その後、サツキとメイの家を遠巻きに見に行く。稲荷前のバス停もあった。

サツキとメイの家の周りは遊歩道になっていて、日本庭園を巡って戻るコースになっているのだが、お天気が良ければいい
散歩道だと思う。池の畔では遠くにパビリオン群が見える。

その後は、イタリア館へ行く。やっぱりイタリア好きとしては押さえておきたいパビリオンだ。

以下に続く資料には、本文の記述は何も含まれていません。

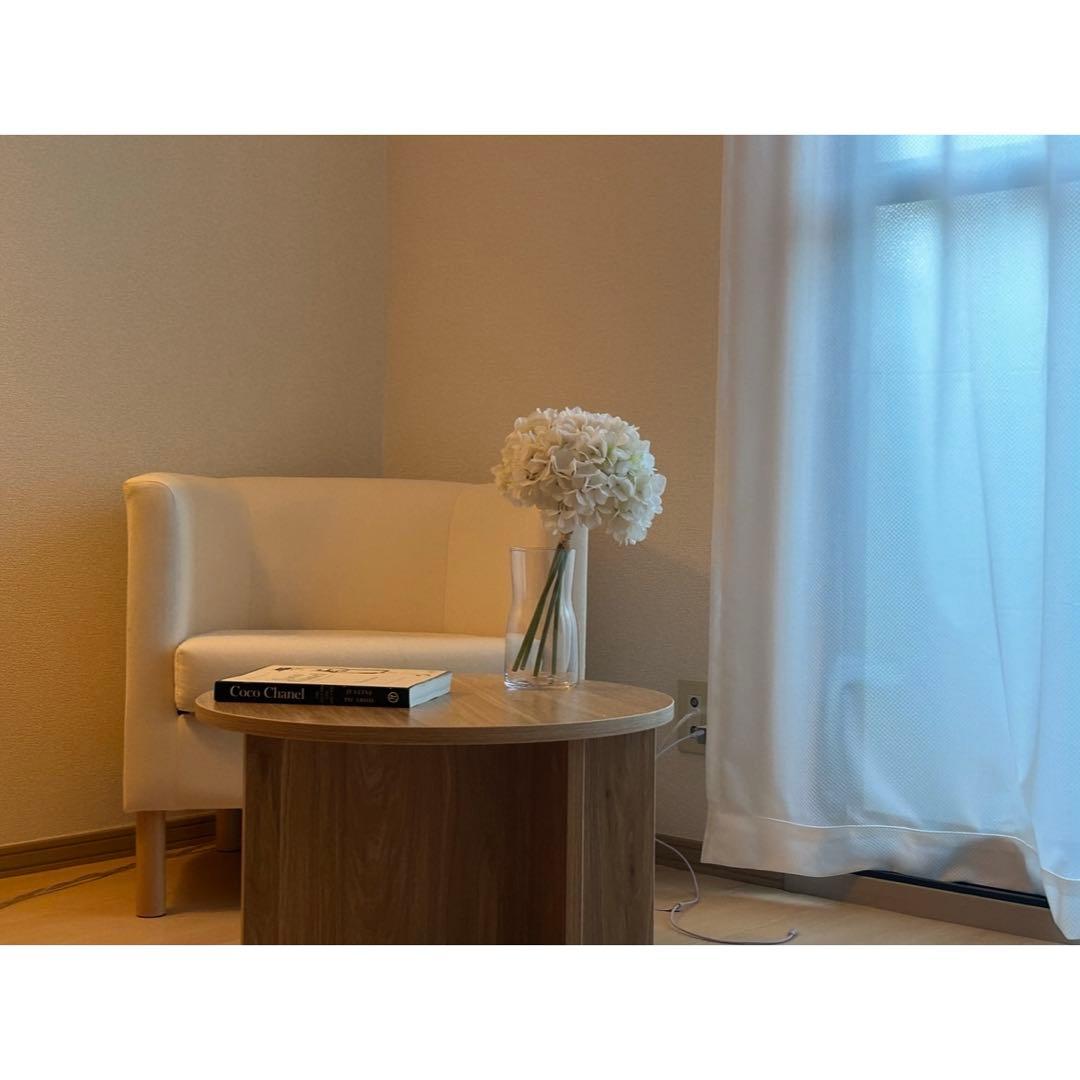 丸テーブル 保護シール付き 木目調 コーヒーテーブル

イタリア館はさすがにデザインの国だけあって、モダンアート溢れる美術館のような演出がすごくて、感動もの。
アテンダントのおねいさんも美人ぞろいで愛想が良く、好感が持てる。やっぱりイタリアはいいな。
その後ギリシァ館にも入ったが、ちょっと疲れたのでダラダラとロシア館方面へ向かう。

ロシア館はマンモスの骨格やスペースシャトル、その他飛行機や計測装置などいろんなものが展示してあった。
イメージとして万博っぽい展示だ。
ずいぶん歩いたので疲れた。帰りはゴンドラでゲートまで帰った。
帰って夕飯をよばれて風呂から出るとすぐ寝てしまった。雨のせいか涼しくて快適に眠れた。
朝になり、朝食を食べて早めに出発。今日の目的は「金シャチ」だ。実は万博を記念して20年振りに金シャチが屋根
から降臨しているのである。おまけに「金シャチタッチ」と称してしゃちほこを触らせてくれる。
開門前に並んで、早く入ることが出来た。シャチホコは雄と雌があるのだが、1回でどちらか片方しか触れない。
どうせなら両方触ろうと雌を触ったあとすぐにまた列に並び、雄も触った。その後ドームから両方を比較して見てみた。
雄のほうがちょっと大きく、黒目が真ん中にある。雌は黒目が前に寄っていて、切れ長の目に似せてあるようだ。
ドームから出てお城を見てみるとシャチホコの載っていない名古屋城というのは不思議な光景だなと思った。

その後、「シャチホコ金箔張り体験」の券を入り口でもらっていたので、子供に金箔を張らせてみた。
これはシャチホコが屋根に戻った後、レプリカとして展示するためのものらしい。本物は分厚い18金のウロコがボルト
止めされているのだが、レプリカは金箔張り仕様。でも子供たちにはいい想い出になったろう。
ちなみにこのレプリカは黒目の位置から雄なのが判る。
こうして1泊2日の「万博金シャチツアー」は終わった。疲れた。